Once I knew I was halfway to my destination, everything around me magically became more beautiful. The landscape was suddenly so scenic and not scary at all. But I still hadn't seen any wild animals. Here I was, travelling through untamed territory at the height of bear season, and I wasn't even going to get a glimpse of one? Even the tiniest little black bear? Unbelievable.
Eventually, I experienced the simple yet overwhelming joy triggered by a glimpse of the "Welcome to Fort McPherson" billboard.


Finally, I'd made it! I pulled off the highway and drove through the village streets, past rows of peeling-paint houses, the North Mart, the Co-op store with its two gas pumps, the Inns North hotel, the canvas tent factory, the Tetlit Gwich'in Council office, the – wait, was that it?

I parked outside the inn and knocked on the doorknob-less front door, figuring someone there would be able to succeed where Google Maps had failed and give me directions to the music festival. Then I saw the "closed" sign in the window. Of course. It was 7 p.m. on a Sunday. Everything was closed.

I looked around, hoping to see someone, anyone, who could tell me how to get to Midway Lake – and maybe let me use their bathroom. I spied a man working in his front yard and went toward him eagerly. When I got close enough, I saw he was chopping wood with a certain swagger that made me think approaching an axe-wielding stranger might not be my smartest move.

As I headed back to the Blazer, two middle-aged guys who looked like they hadn't slept or showered in days pulled up to the inn. I told them it was closed.

"It closed early," one of them said.

"We can't go much further," said the other.

Fearing they would expand on their surely tragic travellers' tale, I quickly interrupted.
"Hey, any chance you guys have been to the music fest?"

Yes, they said, they were there the day before. I briefly wondered to myself what they'd been doing in McPherson ("McPhoo", as the locals call it) for a whole day, especially without a place to stay. They told me to get back on the highway and keep driving until I saw a bunch of tents. Then, they said, I'd know I'd made it to the festival.

I quickly learned that not only was I still 40 kilometres away from the festival, but that there was yet another ferry ride in my future, this time across the Peel River.


I was the only one waiting at the ferry dock on the McPherson side of the river while the boat brought over a full load of four or five cars. Four or five more were lined up on the opposite bank, on their way back from the Midway.

The operator on the Abraham Francis Ferry was chattier than the last one had been, and no way did he think I was a tourist. I told him I was a reporter and he didn't even look surprised. He didn't react at all, actually. He told me the festival got off to a late start that afternoon but that people had been dancing jigs for hours under the big tent, out of the rain. This year the Midway Lake Music Festival, as it had almost every year since 1986, featured local fiddlers and country/rock bands from the Prairies.

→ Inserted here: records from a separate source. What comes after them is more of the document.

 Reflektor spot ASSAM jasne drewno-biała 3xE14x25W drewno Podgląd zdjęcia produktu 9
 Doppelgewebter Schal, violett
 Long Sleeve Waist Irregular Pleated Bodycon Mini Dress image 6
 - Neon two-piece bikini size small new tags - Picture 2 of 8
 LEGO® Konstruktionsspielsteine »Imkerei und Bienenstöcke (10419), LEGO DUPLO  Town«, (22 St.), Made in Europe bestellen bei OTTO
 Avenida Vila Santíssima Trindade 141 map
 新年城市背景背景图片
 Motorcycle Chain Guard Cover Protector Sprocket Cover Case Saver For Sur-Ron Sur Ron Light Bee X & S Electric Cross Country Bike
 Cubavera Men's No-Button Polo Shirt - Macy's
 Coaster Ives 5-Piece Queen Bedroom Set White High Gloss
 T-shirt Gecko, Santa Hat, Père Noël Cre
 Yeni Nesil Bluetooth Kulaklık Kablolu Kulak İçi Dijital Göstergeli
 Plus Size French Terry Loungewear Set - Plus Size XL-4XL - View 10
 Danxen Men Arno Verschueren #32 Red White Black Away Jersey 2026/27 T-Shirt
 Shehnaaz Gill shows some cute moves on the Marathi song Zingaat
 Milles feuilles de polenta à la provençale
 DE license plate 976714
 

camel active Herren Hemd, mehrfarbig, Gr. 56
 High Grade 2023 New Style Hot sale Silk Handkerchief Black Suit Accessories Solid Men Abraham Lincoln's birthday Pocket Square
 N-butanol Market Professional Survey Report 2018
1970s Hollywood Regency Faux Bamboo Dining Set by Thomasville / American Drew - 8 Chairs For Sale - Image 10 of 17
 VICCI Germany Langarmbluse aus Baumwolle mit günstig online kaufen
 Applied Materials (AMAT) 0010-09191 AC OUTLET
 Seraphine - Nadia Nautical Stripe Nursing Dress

The ferry operator, who looked to be in his mid-50s, was sad to be missing out. He'd started his shift at 5 p.m. and would be on until the last run at 2 a.m., but he worried local kids would break into his house while he was gone. That's what they do, he told me, especially now when most people are out camping at Midway.

"They're bad," he said. "You gotta be careful." His crooked teeth were brown with rot.
If I wanted to make it back before the ferry system shut down for the night, he told me I'd better "dance until 10:30 and then come on back." That way I should be able to make it to the Peel River dock by 11 p.m. and arrive in Tsiigehtchic by midnight, in time for the last boat across the Mackenzie.

It was 8 p.m. That gave me two hours at Midway. Would it be enough time?